Scritto da David Spagnoletto
Quattro persone salgono su un aereo. Sembrano due coppie qualunque destinate a fare un viaggio qualunque. E invece le quattro persone si sono conosciute solo il giorno prima, perché il loro obiettivo non è trascorre qualche giorno di vacanza, ma dirottare il volo 571 della Sabena.
È l’8 maggio 1972 e sta per iniziare un nuovo capitolo del terrorismo palestinese, che in quegli anni è solito dirottare aerei in Europa come strumento di rivendicazione politica. Sono passati cinque anni dalla Guerra dei Sei Giorni, ne manca uno a quella del Kippur e pochi mesi alla strage alle Olimpiadi di Monaco.
Il mondo è diviso in blocchi (Usa e Urss), eredità del secondo conflitto mondiale e della conferenza di Yalta.
In Italia, tre anni prima si era persa l’innocenza” con le bombe di Roma e Milano all’interno di quella che poi verrà chiamata “la strategia delle tensione”.
Il 7 maggio 1972, Ali Taha Abu Snina, Abed al-Aziz Atrash, Rima Tannous e Theresa Halsa si incontrano per la prima volta, magari stanno discutendo della recente morte di Giangiacomo Feltrinelli, fondatore dell’omonima casa editrice, dei Gruppi d’Azione Partigiana (una delle prime organizzazioni armate di sinistra della stagione degli anni di piombo) e considerato punto di riferimento dei gruppi armati di estrema sinistra.
I quattro terroristi eseguono le indicazioni di Ali Hassan Salameh, “il Principe Rosso” di Settembre Nero e organizzatore del sequestro: hanno volato dal Libano con passaporti falsi alla volta di Roma, dove gli sono stati forniti passaporti italiani falsi, prima di volare a Francoforte, poi a Bruxelles, dove sono saliti sul volo 571 ancora con passaporti falsi (questa volta israeliani) con destinazione Vienna.
Venti minuti dopo il decollo dalla capitale austriaca, i terroristi prendono il controllo dell’aereo con a bordo 90 passeggeri e 7 membri dell’equipaggio.

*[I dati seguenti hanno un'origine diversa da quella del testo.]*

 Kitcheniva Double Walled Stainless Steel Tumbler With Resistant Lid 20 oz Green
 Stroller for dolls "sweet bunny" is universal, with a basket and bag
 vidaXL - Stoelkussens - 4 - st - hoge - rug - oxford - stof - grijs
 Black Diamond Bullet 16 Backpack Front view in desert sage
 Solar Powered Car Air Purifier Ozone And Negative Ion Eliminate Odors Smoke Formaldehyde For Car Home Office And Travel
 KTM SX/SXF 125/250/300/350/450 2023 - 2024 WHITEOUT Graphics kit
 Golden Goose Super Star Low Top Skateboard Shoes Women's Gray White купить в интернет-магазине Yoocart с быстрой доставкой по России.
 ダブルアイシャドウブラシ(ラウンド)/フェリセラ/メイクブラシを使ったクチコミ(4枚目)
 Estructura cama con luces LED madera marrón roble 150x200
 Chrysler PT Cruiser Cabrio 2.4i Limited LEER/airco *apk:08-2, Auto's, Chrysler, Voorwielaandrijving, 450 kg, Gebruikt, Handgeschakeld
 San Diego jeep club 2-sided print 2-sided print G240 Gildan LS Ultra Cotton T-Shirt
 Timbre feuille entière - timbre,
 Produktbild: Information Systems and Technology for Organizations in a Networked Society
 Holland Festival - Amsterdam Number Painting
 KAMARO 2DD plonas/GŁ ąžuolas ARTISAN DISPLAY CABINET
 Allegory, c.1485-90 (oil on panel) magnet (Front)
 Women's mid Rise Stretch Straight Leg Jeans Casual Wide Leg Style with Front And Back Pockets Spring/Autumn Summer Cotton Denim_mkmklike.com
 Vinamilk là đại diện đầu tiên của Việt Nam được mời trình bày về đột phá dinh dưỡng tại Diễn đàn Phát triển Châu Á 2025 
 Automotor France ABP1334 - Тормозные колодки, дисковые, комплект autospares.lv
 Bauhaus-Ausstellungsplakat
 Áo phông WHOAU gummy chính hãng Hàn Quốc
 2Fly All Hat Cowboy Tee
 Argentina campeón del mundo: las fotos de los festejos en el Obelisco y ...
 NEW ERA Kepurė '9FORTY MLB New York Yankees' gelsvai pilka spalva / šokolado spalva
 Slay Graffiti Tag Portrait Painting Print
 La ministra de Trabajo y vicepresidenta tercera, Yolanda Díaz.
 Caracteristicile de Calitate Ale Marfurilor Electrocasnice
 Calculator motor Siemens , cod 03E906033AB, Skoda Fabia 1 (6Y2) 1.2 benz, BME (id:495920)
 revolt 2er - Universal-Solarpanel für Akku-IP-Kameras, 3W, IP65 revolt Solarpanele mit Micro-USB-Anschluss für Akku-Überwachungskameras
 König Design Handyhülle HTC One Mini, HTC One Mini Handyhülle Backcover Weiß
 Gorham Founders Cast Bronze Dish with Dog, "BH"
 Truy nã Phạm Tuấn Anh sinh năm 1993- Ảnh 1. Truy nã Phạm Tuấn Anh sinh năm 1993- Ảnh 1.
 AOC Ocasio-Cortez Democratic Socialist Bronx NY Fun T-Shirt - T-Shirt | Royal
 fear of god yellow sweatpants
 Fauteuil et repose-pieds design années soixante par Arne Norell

Il comandante Levy mostra calma e sangue freddo e comunica all’interfono: “Come potete vedere, abbiamo amici a bordo”. Non solo, perché con l’obiettivo di guadagnare tempo, Levy parla con i sequestratori di tutto, anche di sesso.
I dirottatori gli dicono di volare all’aeroporto di Lod vicino a Tel Aviv. Una volta sulla pista, presentano le loro richieste al personale di controllo a terra. Poco dopo, il ministro della Difesa Moshe Dayan e il ministro dei trasporti e futuro presidente Shimon Peres giungono sul posto per supervisionare i negoziati.
Gli israeliani fingono di trattare coi terroristi e accettare la richiesta di liberare 315 detenuti palestinesi, ma nel frattempo danno il via libera a un’unità delle forze speciali della Sayeret Matkal di assaltare l’aereo.
Ventiquattr’ore dopo l’atterraggio dell’aereo, inizia l’“Operazione Isotope”, a cui partecipano anche i futuri premier Ehud Barak e Benjamin Netanyahu. Tutti i commando israeliani coinvolti indossano tute bianche per ingannare i dirottatori facendogli credere di essere tecnici, venuti a riparare il sistema idraulico dell’aereo.
Il blitz israeliano, che dura due minuti circa, libera l’aereo. Ci sono tre vittime, una fra i passeggeri e i due terroristi maschi.
Le terroriste vengono bloccate, una di loro, Theresa Halsa, verrà liberata nel novembre 1983, come parte dello scambio di prigionieri tra Israele e l’OLP dopo la prima guerra libanese del 1982.
Oggi vive in Giordania, dove pochi anni fa è stata raggiunta telefonicamente da un giornalista del Guardian, che le ha domandato se avesse qualche rimpianto. La risposta è stata: “Sì. Vorrei aver fatto saltare in aria l’aereo”.